Extended Euclidean algorithm solution

Question

I am working on an algorithm that calculates the multiplicative inverse of a number. I had to make a function to do this. However, I am stuck on an optimization.

My algorithm works, but only for relatively small numbers.

Given 3 numbers (a,b,n), i need to return a/b (mod n).

This part I can do. However, when n is really large, my code becomes impossibly slow because I am solving it this way:

for i in range(1,n):
    if b*i%n == a%n:
        return i

My problem with this is again the size of n. If it gets huge, the code does not run.

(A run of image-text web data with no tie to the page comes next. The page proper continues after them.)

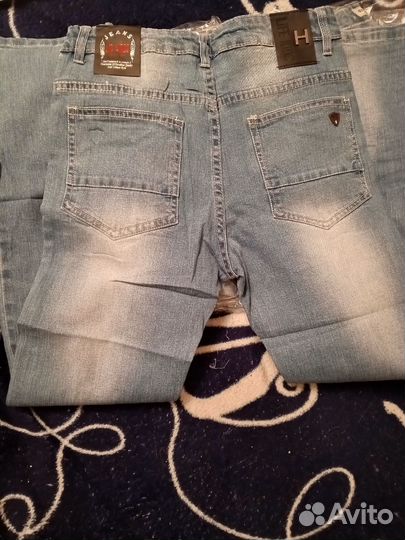 Джинсы новые несколько шт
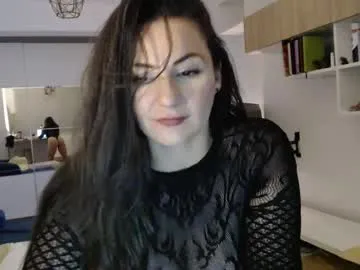 LouiseTswing – webcam model profile photo Image 3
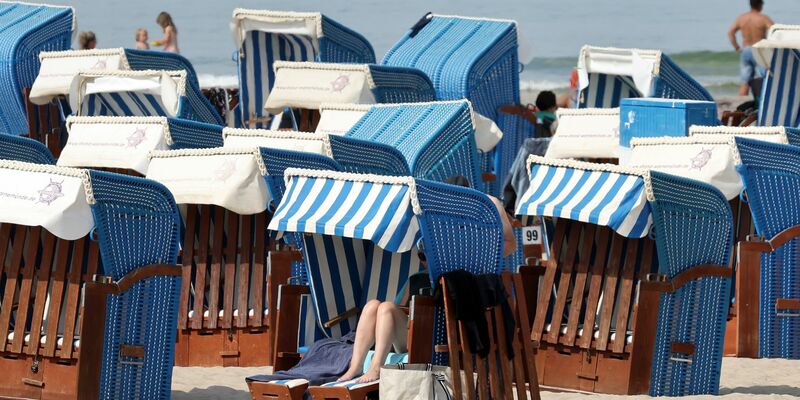 Zum Beginn des Wochenendes könnte es laut Prognosen des Deutschen Wetterdienstes in manchen Regionen noch einmal sommerlich heiß werden. - Foto: Bernd Wüstneck/dpa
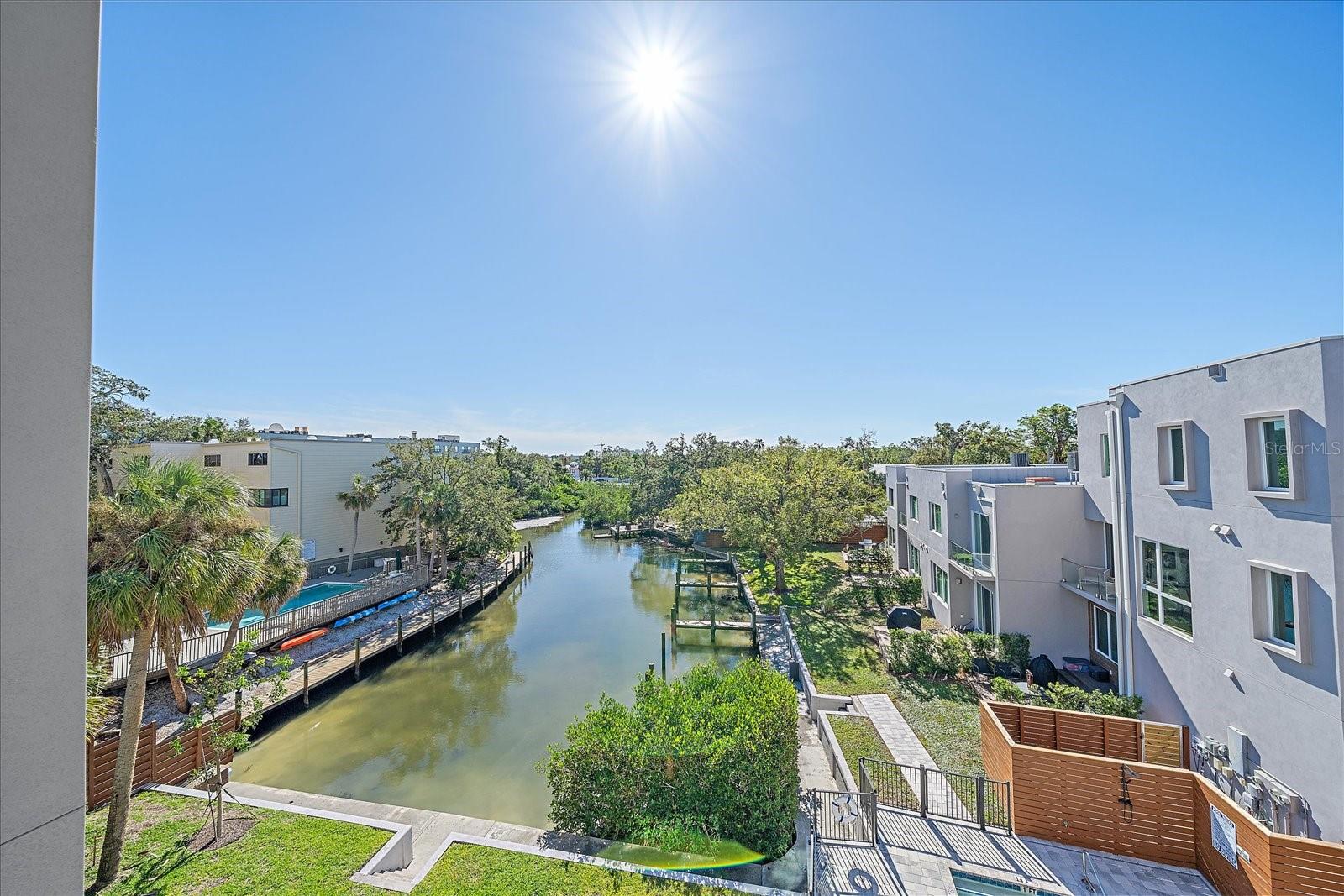 LAUREL ON THE WATER - Residential
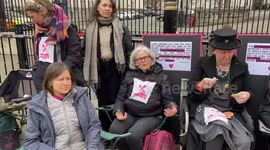 Mothers stage 6-day hunger strike outside Downing Street to protest against child poverty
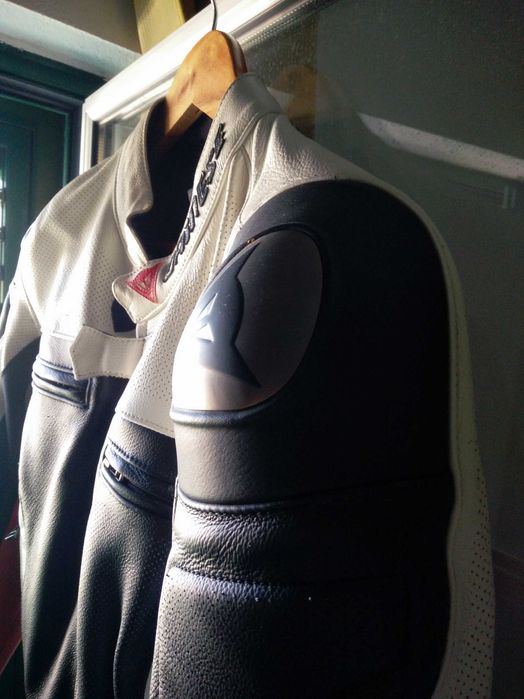 Casaco em Pele Dainese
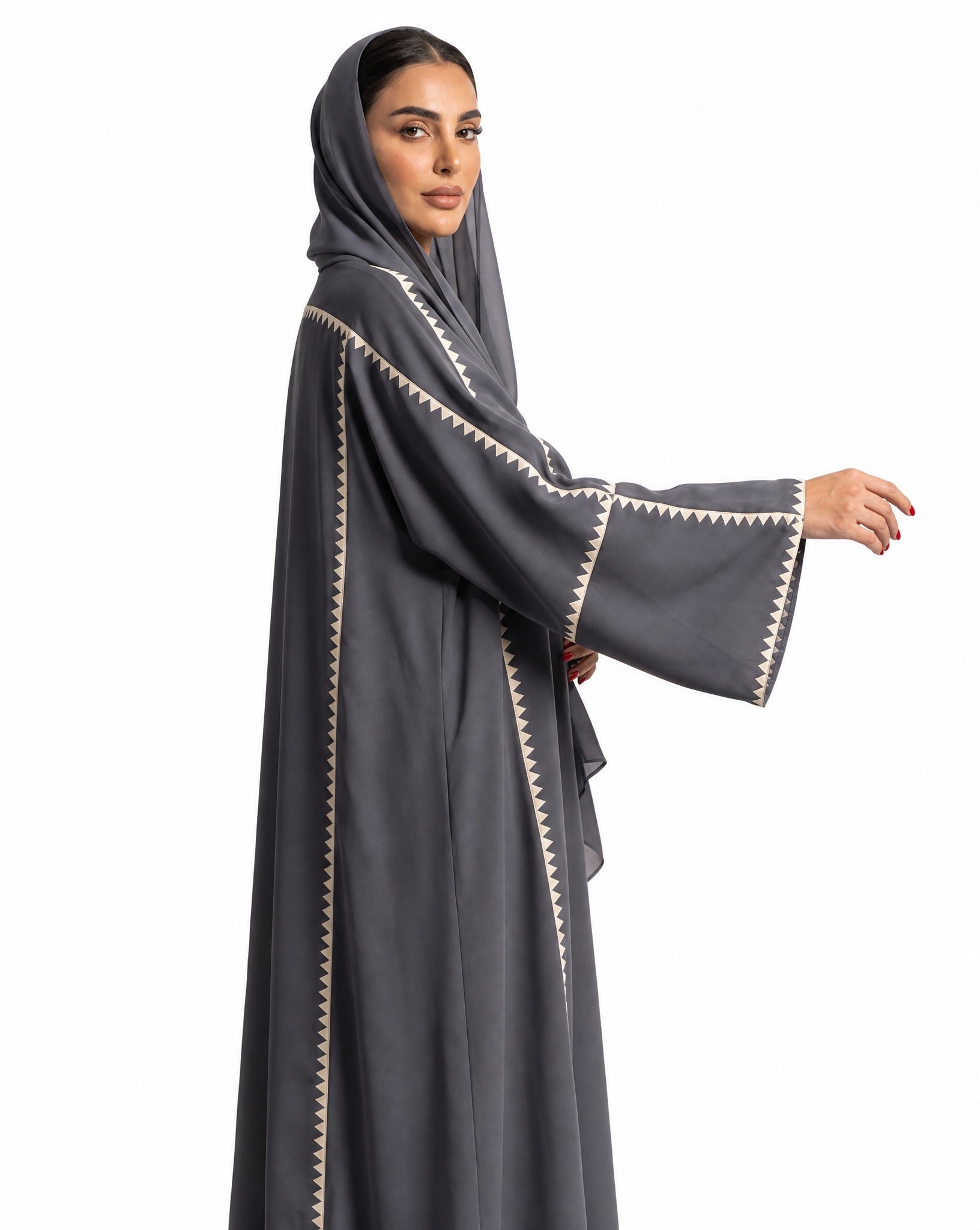 SS26-C-N34 ABAYA - MAISOON - MIRA Y MANO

Now, assuming my numbers are 3,2,7, I need to obtain the answer 5 without checking all the numbers. So I tried using the extended Euclidean algorithm.

This is what I did:

ax + by = 1
ax = 1 (mod n) => ax - 1 = qn, where q is an integer

I end up with the equation:

ax - qn = 1

If I sum in my numbers, I end up with:

3x + 7q = 1

How can I solve this? Is there a better way?

Answer 1

What you are trying to solve is a diophantine equation

ax+by=1

where all numbers are integers. To solve something like this you need (as your title suggests) the extended euclidean algorithm which is explained best using a table. First you do the normal euclidean algorithm:

a b q
3 7 0
7 3 2
3 1 3
1 0

Where the new a is calculated by a-b*q and q is the quotient of a/b. Then you start at the bottom and go upwards to calculate x and y by starting with x=1 y=0. In each step the new x is the old y and the new y is x_old-q*y_old. To demonstrate this (unfortunately I could not format it better):

a b q  x  y
3 7 0
7 3 2
3 1 3
1 0    1  0

a b q  x  y
3 7 0 -2  0 // 1-0*(-2)
7 3 2  1 -2 // 0-2*1
3 1 3  0  1 // 1-3*0
1 0    1  0

3*(-2)+7*1=1
3*(-2)=1 (mod 7) | +7
-2=5 (mod 7)

So when you to fill the table or your own implemention you have the answer in the x field even though it might be negative in such a case you have to add N one time.